# Chewing up and Swallowing....



## leflerej (Jun 24, 2013)

So, I have been trying to read about other people's experiences and have not come across a solution quite yet. 

Otto loves to chew (as most V's do) and that is 100% okay for me, I love buying him toys even though I know they will get chewed up. 

However, blankets and tennis ball casings are my worst enemy right now. Otto is crate trained and I like to put a small blanket in with him to make him more comfortable. Ever since he was little (now 14 months) he has chewed sections off of his blanket and SWALLOWS it. I have NEVER caught him doing it and because of that I can't correct him, so I figure it is happening either during the day or at night when we are asleep. I think it is probably happening more during the day. 

He also likes to find the peeled off outside of tennis balls at the dog park and will chew those up and swallow them as well. Luckily, he has a nice fast metabolism and everything has been small enough to go right through him...

He chews, but these are the ONLY two things he will swallow. I would love to get him a nice crate bed or perhaps a "sleeping bag" but not if he is just going to chew it up and swallow it. 

Anyone have any advice? I have tried removing blankets all together and will introduce them a few days later, things will be fine for a few days then he is back at it. I never catch him so I don't know how to correct it...


----------



## dextersmom (Oct 29, 2013)

Have you tried spraying the blanket with bitter apple? Dexter likes to chew on soft fabric too, but he always spits out the pieces. We put an old t-shirt in his crate with him (left over from crate training days) because otherwise he'll go after the corners of his stuffed bed. Every once in a while, the t-shirt gets left out of the crate and he discovers the fun of chewing and de-stuffing his bed. He'll only pull up the corners of the bed to chew, so we spray those every day for a week or so after he's been chewing on it and it seems to break the habit for the most part.


----------



## leflerej (Jun 24, 2013)

I didn't get the "bitter apple" brand, but i did try another brand that was supposed to be very similar and was recommended by the person at the shop. Did not have any luck, I swear I drenched that blanket ;D Perhaps bitter apple might work better? 

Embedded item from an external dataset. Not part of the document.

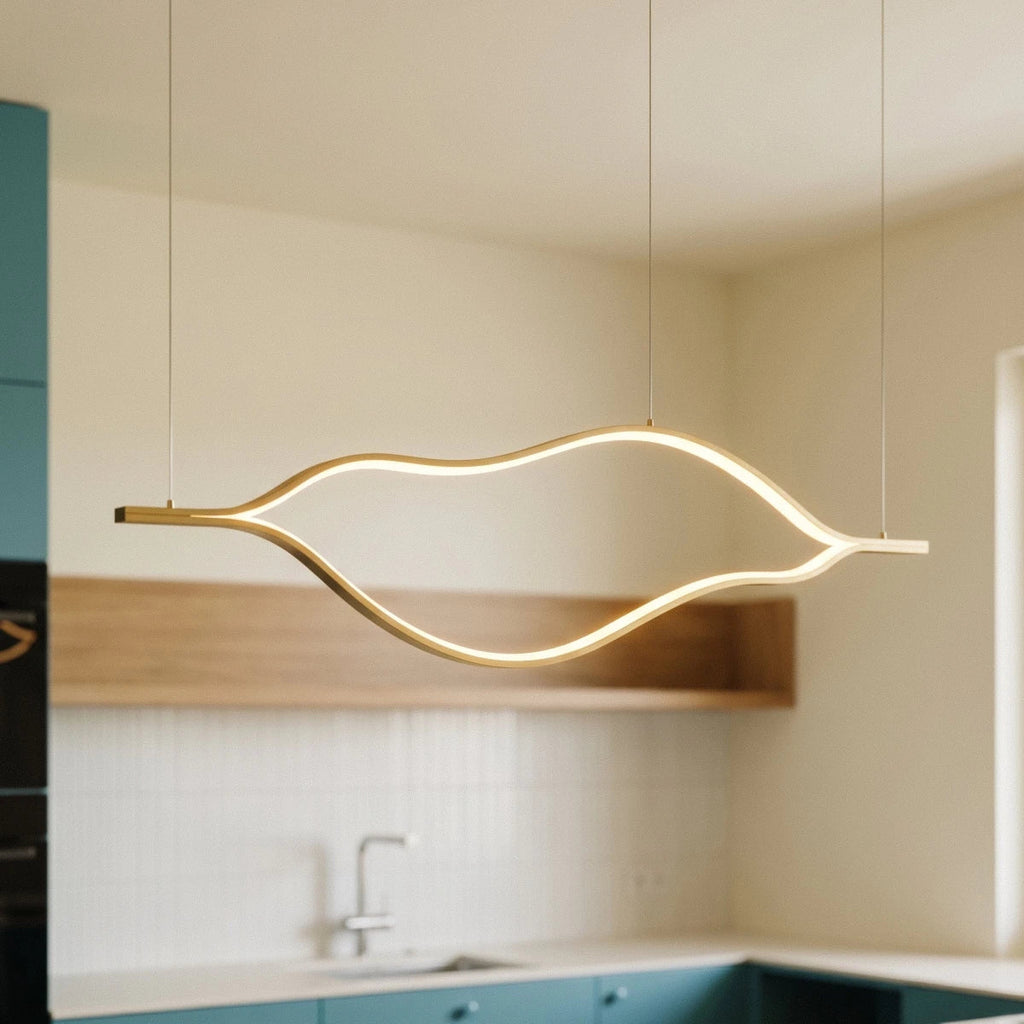 Close view of the Clérachic gold linear chandelier, its slim brushed metal frame and glowing LED strip tracing a wave over a kitchen.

I also forgot to mention he has several other bones and chew toys in there with him at all times.


----------



## jld640 (Sep 29, 2010)

Savannah slept on old bath towels while she was growing out of her chewing phase.


----------



## leflerej (Jun 24, 2013)

Yeah, I have moved onto old T-shirts for the time being. Some days it seems like half is missing, other days they go untouched. Hopefully something he grows out of. I would eventually like to get to the point where he can stay out of his crate during the day, but we still have some time before that will happen...


----------